Holland America Line, which is owned by cruise giant Carnival Corp, said it is working with governments and health experts to track passengers.
“Guests who have already returned home will be contacted by their local health department and be provided further information,” the company said in a statement.
Nearly 200 passengers from the Westerdam have returned to their home countries after traveling through Malaysia and Thailand, authorities said, though none of them displayed any symptoms.
Some 1,455 passengers and 802 crew first embarked on the cruise. It spent two weeks at sea after being turned away by Japan, Taiwan, Guam, the Philippines and Thailand even though the ship said there were no coronavirus cases aboard.
In Cambodia, at least 236 passengers and 747 crew remain aboard the vessel off the port city of Sihanoukville, Holland America said.
Several hundred other Westerdam passengers who left the ship are still in hotels in Cambodia and are being tested on Monday for coronavirus, according to passenger Holley Rauen, a public health nurse and midwife from Fort Myers, Florida.
“Everyone is very nervous about results,” Rauen said in a message to Reuters. “Some are grouchy but many still remain positive.”
ASYMPTOMATIC RISK
It was not immediately clear how the American woman contracted the virus, but the positive test in Malaysia came after she had spent more than 14 days on the Westerdam, which departed from Hong Kong on Feb. 1.
Passengers had been cleared to travel by Cambodian authorities when the cruise ship docked on Thursday. The company said passengers were tested regularly on board and Cambodia also tested 20 people once it docked, but not the woman who contracted the virus.

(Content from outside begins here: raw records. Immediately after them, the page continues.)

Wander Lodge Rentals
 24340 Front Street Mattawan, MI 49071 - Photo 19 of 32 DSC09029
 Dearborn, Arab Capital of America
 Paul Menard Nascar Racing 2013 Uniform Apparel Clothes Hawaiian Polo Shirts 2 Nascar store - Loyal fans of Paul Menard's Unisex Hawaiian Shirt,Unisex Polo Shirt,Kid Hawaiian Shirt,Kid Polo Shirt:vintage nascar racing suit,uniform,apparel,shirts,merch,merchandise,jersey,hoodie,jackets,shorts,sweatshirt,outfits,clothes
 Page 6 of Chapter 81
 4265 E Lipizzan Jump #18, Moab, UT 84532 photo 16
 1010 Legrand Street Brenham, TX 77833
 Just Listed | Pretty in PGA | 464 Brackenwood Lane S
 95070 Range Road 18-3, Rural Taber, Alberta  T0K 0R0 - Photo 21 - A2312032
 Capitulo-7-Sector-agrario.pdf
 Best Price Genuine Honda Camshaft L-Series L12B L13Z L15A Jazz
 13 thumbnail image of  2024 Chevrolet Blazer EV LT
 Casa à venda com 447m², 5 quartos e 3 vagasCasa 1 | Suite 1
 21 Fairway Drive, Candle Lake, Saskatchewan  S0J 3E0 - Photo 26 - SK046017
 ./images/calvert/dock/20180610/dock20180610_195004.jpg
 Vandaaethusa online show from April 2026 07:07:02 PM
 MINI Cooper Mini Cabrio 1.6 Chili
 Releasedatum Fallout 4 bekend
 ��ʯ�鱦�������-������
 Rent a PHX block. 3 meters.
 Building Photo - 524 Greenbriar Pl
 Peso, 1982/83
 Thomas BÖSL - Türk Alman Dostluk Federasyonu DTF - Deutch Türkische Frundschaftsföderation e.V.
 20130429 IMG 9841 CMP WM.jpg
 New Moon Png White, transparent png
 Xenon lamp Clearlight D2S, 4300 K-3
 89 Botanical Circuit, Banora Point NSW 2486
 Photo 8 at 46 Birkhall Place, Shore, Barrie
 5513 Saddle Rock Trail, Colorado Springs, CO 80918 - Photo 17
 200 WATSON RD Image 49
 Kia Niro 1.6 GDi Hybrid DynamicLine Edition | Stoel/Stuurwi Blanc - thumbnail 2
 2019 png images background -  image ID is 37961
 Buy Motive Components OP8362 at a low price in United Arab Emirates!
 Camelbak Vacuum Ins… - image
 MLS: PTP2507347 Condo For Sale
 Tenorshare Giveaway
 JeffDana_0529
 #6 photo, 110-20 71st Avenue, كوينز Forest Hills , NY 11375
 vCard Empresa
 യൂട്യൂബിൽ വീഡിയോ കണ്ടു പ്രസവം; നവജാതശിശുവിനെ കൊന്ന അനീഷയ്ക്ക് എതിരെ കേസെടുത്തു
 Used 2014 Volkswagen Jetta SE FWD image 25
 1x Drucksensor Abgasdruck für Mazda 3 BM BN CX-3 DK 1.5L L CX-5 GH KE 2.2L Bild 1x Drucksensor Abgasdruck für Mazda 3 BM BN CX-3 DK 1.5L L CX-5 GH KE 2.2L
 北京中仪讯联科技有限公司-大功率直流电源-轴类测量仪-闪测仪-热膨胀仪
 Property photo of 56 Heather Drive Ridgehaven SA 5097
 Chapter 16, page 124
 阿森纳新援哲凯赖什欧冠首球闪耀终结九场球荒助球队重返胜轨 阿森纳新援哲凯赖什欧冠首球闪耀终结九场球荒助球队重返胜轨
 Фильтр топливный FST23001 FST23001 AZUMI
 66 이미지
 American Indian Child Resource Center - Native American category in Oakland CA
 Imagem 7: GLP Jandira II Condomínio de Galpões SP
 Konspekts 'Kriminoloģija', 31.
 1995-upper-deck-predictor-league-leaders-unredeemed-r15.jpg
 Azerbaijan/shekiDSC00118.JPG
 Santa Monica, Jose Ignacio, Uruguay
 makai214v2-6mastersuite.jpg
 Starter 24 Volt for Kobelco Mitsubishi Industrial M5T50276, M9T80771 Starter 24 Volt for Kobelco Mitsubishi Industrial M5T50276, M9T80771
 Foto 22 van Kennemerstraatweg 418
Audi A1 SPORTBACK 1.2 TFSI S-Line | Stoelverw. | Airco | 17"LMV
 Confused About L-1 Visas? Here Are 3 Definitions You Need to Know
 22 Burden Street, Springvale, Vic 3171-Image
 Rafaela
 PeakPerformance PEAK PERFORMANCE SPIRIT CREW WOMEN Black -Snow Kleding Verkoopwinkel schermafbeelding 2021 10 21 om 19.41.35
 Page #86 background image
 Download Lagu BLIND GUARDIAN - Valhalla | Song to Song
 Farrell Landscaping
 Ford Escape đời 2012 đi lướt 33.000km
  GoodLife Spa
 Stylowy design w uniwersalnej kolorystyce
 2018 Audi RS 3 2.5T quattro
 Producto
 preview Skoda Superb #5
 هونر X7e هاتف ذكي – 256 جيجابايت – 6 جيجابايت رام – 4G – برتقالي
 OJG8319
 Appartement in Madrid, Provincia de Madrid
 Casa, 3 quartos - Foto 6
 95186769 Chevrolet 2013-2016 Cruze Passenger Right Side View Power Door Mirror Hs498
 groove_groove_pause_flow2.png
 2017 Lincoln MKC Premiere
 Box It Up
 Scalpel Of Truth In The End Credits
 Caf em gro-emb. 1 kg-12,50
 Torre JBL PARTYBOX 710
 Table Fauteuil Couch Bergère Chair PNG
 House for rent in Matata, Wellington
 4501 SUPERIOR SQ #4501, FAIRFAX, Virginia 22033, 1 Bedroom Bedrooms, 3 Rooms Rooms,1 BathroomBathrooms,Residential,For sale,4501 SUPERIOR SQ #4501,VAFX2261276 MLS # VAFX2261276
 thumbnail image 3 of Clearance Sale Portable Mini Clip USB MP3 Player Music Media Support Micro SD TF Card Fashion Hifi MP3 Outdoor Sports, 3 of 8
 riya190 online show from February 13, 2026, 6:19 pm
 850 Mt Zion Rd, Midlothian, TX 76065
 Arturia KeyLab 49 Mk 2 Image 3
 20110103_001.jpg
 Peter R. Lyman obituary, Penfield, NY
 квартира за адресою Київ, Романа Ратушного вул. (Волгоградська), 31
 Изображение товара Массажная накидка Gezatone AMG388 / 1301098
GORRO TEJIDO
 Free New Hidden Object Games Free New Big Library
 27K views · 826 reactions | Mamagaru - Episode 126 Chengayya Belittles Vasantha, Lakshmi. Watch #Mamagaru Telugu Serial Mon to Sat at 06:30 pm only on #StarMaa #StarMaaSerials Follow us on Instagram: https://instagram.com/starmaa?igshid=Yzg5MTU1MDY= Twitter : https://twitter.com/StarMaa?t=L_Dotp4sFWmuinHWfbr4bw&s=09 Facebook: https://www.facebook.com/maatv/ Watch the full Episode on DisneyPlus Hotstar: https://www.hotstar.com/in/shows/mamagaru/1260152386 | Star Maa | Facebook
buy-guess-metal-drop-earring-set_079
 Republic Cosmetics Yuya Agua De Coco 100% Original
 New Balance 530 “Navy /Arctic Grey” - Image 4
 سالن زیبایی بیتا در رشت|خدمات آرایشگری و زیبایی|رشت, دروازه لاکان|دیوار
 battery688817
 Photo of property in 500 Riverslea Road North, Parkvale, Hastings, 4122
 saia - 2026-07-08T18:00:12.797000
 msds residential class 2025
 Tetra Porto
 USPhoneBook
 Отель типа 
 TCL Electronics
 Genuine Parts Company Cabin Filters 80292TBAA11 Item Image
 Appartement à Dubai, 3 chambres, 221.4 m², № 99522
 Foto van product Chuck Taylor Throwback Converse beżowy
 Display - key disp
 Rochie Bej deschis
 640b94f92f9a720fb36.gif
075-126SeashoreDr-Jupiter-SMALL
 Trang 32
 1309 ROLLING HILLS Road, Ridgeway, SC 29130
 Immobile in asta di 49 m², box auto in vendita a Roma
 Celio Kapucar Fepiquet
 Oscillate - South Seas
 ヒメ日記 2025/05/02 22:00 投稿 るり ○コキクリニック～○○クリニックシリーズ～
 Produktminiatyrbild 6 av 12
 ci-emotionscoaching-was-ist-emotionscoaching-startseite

Raina MacIntyre, head of the Biosecurity Research Program at Australia’s University of New South Wales, said it was well known the coronavirus can be infectious even if a patient has no symptoms.
“The Japanese tested over 500 of their first evacuees from Wuhan, whether they were symptomatic or not, and five out of eight positive tests were in asymptomatic people,” MacIntyre said. “So, in a high risk setting, it would be important to check for infection in everyone.”
Holland America said it is working with health officials in Malaysia and Cambodia and experts in the U.S. Centers for Disease Control (CDC) and the World Health Organization (WHO).
Worries about the new virus have mounted even though it is believed to kill only around 1% of people it infects, because of fears that with no natural immunity among the world’s population, it could spread to infect millions if unchecked.
The websites of both the CDC and WHO give an estimated incubation period for the virus of up to 14 days.
Adam Kamradt-Scott, infectious diseases expert at the Centre for International Security Studies at the University of Sydney, said a Chinese study of 1,099 patients indicated the incubation period could be as much as 24 days, but most people exhibited symptoms within three days.
Anyone potentially exposed to the virus should self-isolate and notify health authorities if they start to exhibit symptoms, he said.
“We need people to be willing to come forward and not fear persecution or discrimination, as that will only serve to aid the virus’ spread.”
In Japan, another Carnival cruise ship, the Diamond Princess, has been quarantined since arriving in Yokohama, south of Tokyo, on Feb. 3. As of Sunday, 355 people aboard have tested positive – by far the biggest cluster of cases outside China.